Problem statement:
Beginning with the line that holds "HAVANA \u0026 CO.: Gilet", copy each line through the end of the material below, exactly and with no pictures.

**** Available data

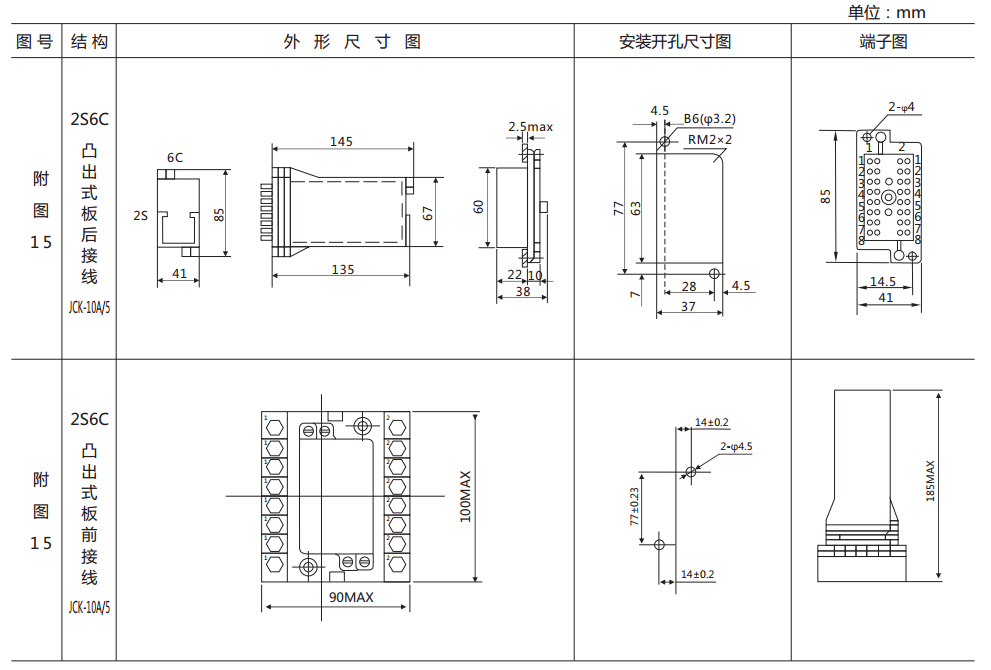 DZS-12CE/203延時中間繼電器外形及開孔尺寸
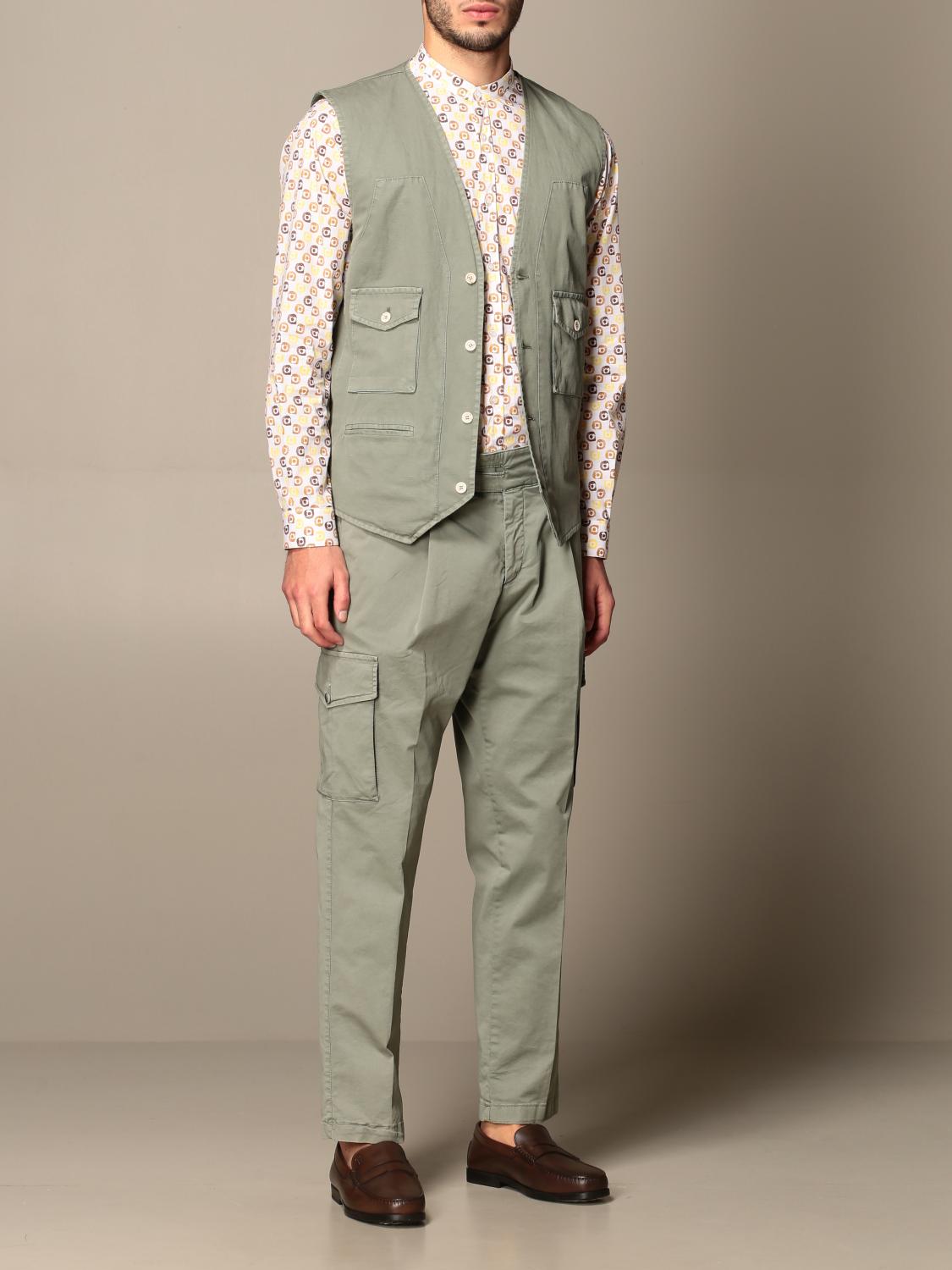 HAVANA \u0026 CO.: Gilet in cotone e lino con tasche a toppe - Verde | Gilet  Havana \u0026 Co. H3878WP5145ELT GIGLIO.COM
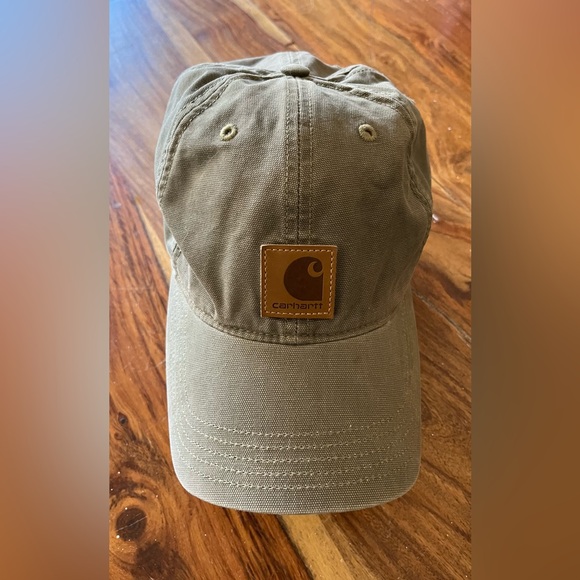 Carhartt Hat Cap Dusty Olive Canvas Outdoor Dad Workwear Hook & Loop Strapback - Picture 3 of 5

********

Response to the exercise:
 HAVANA \u0026 CO.: Gilet in cotone e lino con tasche a toppe - Verde | Gilet  Havana \u0026 Co. H3878WP5145ELT GIGLIO.COM
 Carhartt Hat Cap Dusty Olive Canvas Outdoor Dad Workwear Hook & Loop Strapback - Picture 3 of 5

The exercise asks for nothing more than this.